Veröffentlicht am 19.12.2018 von Laura Hofmann

Das Weinhaus Huth mit gleichnamigem Restaurant am Potsdamer Platz, dem Berliner Times Square der Zwanziger Jahre, war jahrzehntelang der Treffpunkt der Berliner Gesellschaft. An diese Tradition möchte Ralf Rüller jetzt anknüpfen: Dem Inhaber der bewusst hochpreisigen Kaffee-Rösterei „The Barn“ ist es gelungen, nach dem Café Kranzler in der City West eine weitere für die Berliner Geschichte so wichtige Lokalität als Standort für sein Café-Konzept zu gewinnen.

Erst im Oktober eröffnete das für hochwertige Kaffee- und Espressospezialitäten bekannte „The Barn“ eine Dependance in der Nähe des Maybachufers in Neukölln. Kurz vor Weihnachten, am Samstag, den 22. Dezember, feiert nun die fünfte Filiale Eröffnung: im Traditionshaus an der Alten Potsdamer Straße 5, benannt nach seinem ehemaligen Inhaber Willy Huth und bekannt als „das letzte Haus am Potsdamer Platz“.

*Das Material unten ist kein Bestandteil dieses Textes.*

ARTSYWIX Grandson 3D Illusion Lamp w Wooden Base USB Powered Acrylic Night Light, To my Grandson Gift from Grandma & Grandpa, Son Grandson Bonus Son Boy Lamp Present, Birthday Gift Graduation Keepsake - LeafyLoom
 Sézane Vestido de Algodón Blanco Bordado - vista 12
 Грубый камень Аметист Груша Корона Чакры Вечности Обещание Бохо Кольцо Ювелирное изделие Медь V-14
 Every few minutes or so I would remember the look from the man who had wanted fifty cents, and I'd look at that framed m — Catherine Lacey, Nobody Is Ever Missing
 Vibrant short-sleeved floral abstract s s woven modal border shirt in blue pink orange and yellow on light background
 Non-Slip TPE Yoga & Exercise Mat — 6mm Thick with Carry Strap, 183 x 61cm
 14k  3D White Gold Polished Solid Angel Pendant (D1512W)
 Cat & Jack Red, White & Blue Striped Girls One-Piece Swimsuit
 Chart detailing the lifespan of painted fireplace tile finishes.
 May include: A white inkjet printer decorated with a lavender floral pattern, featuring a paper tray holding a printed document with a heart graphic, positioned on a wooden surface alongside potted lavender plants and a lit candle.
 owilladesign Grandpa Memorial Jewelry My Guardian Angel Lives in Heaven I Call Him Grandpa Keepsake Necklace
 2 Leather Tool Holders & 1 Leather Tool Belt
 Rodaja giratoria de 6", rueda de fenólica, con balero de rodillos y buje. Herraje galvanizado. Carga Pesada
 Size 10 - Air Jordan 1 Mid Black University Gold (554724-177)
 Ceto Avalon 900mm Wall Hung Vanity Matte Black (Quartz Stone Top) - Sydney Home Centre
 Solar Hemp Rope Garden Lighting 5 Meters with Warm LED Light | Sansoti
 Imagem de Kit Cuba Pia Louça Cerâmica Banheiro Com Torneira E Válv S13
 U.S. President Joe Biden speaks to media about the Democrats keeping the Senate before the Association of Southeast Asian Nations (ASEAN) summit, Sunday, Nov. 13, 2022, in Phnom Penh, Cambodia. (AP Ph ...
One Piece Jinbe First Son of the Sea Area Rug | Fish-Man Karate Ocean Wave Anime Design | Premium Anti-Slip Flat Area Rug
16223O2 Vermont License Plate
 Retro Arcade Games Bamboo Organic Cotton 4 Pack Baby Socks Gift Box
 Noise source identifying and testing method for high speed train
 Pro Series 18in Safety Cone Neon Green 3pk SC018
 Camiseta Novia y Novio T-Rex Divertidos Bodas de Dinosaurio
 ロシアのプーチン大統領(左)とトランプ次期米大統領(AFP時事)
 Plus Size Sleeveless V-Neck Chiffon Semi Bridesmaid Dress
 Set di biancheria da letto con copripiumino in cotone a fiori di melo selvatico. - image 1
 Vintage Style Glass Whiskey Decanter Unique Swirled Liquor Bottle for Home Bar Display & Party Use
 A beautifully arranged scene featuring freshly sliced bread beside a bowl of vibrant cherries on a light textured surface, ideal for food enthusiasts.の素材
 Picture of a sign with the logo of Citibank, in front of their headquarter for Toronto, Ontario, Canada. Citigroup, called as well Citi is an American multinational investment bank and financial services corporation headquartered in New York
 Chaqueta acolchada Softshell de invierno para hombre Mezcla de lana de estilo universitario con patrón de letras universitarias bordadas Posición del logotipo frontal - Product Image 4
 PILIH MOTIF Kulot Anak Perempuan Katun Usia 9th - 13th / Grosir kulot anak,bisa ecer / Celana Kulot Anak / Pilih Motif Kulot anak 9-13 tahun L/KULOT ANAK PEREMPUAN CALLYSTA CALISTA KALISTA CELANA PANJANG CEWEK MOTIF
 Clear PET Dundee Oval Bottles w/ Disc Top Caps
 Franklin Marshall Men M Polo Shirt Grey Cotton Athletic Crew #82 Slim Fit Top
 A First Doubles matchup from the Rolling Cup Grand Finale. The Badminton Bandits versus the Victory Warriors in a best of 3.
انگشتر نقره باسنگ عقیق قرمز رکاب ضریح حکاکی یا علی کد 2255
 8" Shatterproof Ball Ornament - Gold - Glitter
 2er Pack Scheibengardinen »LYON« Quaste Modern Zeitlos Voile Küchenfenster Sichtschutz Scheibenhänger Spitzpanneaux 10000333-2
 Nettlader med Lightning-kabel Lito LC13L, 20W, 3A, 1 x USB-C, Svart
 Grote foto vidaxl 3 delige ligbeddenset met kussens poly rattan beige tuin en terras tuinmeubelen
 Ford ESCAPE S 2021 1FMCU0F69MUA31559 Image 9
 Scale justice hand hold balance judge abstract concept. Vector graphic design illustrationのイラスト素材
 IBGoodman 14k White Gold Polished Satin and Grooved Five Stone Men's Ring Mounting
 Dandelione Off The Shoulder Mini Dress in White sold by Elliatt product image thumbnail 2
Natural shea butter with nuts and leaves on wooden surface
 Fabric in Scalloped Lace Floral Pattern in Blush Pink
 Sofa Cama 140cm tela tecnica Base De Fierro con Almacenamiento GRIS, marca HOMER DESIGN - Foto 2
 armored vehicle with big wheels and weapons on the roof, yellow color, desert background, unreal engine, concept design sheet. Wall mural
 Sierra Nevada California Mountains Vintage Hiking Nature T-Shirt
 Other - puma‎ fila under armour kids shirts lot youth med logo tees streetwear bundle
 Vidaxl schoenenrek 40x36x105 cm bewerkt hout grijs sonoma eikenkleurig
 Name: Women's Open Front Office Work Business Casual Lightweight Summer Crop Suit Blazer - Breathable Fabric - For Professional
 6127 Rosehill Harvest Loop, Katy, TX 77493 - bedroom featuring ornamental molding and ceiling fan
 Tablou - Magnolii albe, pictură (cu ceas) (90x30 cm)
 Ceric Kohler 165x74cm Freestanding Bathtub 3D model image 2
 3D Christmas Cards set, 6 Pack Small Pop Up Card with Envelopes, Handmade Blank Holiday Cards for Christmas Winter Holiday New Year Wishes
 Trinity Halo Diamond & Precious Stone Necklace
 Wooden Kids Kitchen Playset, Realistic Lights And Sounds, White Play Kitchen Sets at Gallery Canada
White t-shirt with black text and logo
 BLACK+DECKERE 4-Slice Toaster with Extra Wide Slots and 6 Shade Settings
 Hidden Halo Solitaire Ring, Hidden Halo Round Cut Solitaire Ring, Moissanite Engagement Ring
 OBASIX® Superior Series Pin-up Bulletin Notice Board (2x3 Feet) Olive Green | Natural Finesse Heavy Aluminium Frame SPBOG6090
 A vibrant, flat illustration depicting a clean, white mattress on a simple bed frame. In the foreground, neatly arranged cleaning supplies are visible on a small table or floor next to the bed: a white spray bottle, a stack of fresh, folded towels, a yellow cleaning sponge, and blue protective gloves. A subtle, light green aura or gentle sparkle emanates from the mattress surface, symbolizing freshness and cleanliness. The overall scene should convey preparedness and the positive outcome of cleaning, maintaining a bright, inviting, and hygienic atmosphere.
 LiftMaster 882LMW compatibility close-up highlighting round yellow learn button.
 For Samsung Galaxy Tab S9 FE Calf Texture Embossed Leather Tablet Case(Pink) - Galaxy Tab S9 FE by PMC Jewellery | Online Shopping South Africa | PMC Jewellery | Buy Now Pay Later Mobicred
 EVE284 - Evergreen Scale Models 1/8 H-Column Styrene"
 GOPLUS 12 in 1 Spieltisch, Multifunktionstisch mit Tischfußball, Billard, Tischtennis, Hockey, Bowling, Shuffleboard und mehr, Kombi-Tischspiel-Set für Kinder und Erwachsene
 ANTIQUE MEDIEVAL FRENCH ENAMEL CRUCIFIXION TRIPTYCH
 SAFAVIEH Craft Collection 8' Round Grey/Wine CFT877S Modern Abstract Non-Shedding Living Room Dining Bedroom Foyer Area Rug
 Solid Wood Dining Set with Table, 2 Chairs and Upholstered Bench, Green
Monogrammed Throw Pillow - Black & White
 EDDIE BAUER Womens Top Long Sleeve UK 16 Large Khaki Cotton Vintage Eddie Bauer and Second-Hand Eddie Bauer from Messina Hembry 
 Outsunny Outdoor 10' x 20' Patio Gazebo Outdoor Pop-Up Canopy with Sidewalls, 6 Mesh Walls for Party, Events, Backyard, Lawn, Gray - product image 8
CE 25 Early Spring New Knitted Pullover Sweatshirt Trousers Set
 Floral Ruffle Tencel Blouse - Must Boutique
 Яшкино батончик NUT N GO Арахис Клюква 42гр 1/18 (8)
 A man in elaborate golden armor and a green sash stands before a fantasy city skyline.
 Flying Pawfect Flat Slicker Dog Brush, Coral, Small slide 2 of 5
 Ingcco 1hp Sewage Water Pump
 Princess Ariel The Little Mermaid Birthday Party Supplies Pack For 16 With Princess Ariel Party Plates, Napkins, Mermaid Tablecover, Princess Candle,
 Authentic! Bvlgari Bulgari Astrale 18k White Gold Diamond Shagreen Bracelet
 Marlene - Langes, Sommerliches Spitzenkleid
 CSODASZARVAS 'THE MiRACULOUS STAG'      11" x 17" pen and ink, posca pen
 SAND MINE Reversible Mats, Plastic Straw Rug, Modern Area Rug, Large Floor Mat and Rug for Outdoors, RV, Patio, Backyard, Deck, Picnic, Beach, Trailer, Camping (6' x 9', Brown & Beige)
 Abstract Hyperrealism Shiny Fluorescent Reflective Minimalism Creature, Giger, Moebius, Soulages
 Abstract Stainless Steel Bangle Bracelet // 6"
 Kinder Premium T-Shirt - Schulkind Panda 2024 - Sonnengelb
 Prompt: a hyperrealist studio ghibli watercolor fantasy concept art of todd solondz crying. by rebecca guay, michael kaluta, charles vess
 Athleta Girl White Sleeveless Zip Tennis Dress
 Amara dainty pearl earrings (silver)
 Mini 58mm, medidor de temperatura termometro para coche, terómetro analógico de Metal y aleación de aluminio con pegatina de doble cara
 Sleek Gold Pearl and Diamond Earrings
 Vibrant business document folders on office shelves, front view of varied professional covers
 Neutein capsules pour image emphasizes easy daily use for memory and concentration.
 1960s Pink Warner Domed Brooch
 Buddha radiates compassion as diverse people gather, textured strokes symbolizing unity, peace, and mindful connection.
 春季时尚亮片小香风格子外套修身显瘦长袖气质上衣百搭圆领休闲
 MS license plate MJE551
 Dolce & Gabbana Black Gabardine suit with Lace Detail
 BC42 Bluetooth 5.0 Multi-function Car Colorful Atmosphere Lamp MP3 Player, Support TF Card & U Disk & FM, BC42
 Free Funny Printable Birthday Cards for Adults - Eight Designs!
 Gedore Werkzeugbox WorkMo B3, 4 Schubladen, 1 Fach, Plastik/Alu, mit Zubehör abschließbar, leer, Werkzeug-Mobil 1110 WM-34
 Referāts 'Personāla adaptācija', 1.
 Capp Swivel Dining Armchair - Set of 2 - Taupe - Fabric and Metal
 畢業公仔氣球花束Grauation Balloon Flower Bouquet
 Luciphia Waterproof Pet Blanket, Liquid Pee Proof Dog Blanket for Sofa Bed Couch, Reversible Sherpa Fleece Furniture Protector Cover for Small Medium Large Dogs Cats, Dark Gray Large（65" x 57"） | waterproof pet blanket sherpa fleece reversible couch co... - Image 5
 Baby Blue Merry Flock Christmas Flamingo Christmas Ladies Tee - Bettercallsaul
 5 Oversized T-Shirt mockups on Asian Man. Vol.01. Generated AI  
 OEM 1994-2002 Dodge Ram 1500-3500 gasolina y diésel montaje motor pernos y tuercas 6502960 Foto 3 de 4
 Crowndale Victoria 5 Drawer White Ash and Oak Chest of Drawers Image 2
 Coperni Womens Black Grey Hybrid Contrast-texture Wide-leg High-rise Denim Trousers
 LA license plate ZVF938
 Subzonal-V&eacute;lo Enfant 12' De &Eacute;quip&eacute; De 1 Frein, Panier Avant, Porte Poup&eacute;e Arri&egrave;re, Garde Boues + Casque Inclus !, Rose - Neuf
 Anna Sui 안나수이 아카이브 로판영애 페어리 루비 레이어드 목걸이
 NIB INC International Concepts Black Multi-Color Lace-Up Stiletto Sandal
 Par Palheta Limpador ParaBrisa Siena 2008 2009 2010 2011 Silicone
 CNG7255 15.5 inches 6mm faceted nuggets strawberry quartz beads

Rüller, 48 Jahre, stets mit Käppi unterwegs, hat 2010 sein erstes Café in der Auguststraße in Mitte eröffnet. Heute beschäftigt er mehr als 60 Mitarbeiter. Und ist erstmalig als deutscher Kaffeespezialist Preisträger des renommierten „Best Independent European Coffeeshop“-Awards. In die Schlagzeilen geriet er aber, weil er 2016 einer Mutter das Stillen ihres Babys im Schaufenster seines Ladens in Prenzlauer Berg untersagte. Und kurzerhand Poller vor dem Café installierte, um Kinderwagen den Zutritt zu verwehren.

Am Potsdamer Platz werden wohl vor allem die Angestellten aus den umliegenden Büros zu seinen Kunden zählen. Im Sortiment stehen deshalb auch leichte Lunch-Optionen. Außerdem: handgebrühte Filterkaffees, Single Origin Espressi und saisonale „Signature Drinks“ wie der Rote Bete Flat White oder der Roiboos Espresso Coffee. Als Highlight auf der neuen Karte kündigt Rüller Kaffee-Cocktails an, die aus einer Kollaboration mit dem Freimeisterkollektiv, einer Verbindung unabhängiger Berliner Kleinbrenner und führender Bartender, hervorgehen. Die Naturweine kommen von Viniculture aus Charlottenburg. Und aus der eigenen Backstube werden täglich frisch hausgemachte Kuchen und Stullen geliefert.

„Die Auseinandersetzung mit Kaffee ist der Tätigkeit eines Sommeliers sehr ähnlich“, sagt Rüller. „Insofern tragen wir die Tradition des Gebäudes quasi weiter.“ Nach der Einweihung des Hauses am 2. Oktober 1912 befand sich im Erdgeschoss des Hauses die Weinhandlung und im ersten Stockwerk ein dazugehöriges Weinrestaurant und Veranstaltungslokal. Das Weinhaus Huth gehörte nach dem Zweiten Weltkrieg zu den wenigen weitgehend erhaltenen Gebäuden in der Umgebung. Was an der Stahlskelett-Konstruktion, eine der frühesten in Berlin, lag. Wegen der zu erwartenden Belastung durch das (Wein-)flaschenlager hatten sich die Architekten dafür entschieden.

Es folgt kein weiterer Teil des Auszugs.